For the first quarter of 2008 Exploration and Production generated net income of $824 million. Crude oil and natural gas production averaged 391,000 barrels of oil equivalent per day which was 2% above the same period last year. Contributing to this growth were higher crude oil production from the Okume complex in Equatorial Guinea and natural gas production from the Ujung Pangkah field in Indonesia. Our full-year 2008 production forecast remains 380,000 to 390,000 barrels of oil equivalent per day.
With regard to our field developments, the JDA Phase 2 project in the Gulf of Thailand, in which Hess has a 50% working interest, is on track to start up this summer and we expect net production from the JDA to increase from approximately 120 million cubic feet per day to nearly 250 million cubic feet per day.

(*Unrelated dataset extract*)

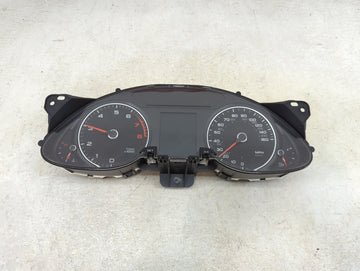 2013 Audi A4 Instrument Cluster Speedometer Gauges P/N:8K0920950R Miles:156K Fits OEM Used Auto Parts - Oemusedautoparts1.co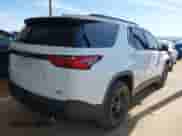 2022 Chevrolet Traverse LS with VIN 1GNERFKW9NJ185979, listed as a IAAI auction lot 42112918 with 49,169 mi miles and . Bid and sale history available at DreamBid. Image 4.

At the Shenzi development in the Deepwater Gulf of Mexico, in which Hess has a 28% working interest, the tension leg platform, TLP Hull, arrived at Kiewit Yard in Ingleside, Texas in February. Installation of the TLP and topsides is planned for this summer. Installation of subsea facilities is scheduled for the second half of 2008 followed by commissioning and first production in the first half of 2009.
In Indonesia commencement of oil production from our Ujung Pangkah field, in which Hess has a 25% working interest, is on schedule for the first half of 2009.
With regard to exploration, in March we announced the results of the Pony Number 2 well in the Deepwater Gulf of Mexico, in which Hess has a 100% working interest. The well encountered the objective sands in a down dip position in the water leg. During the first week in April we kicked off a sidetrack well which is designed to establish the location of the oil/water contact and should allow us to further refine the range of resource potential on the block.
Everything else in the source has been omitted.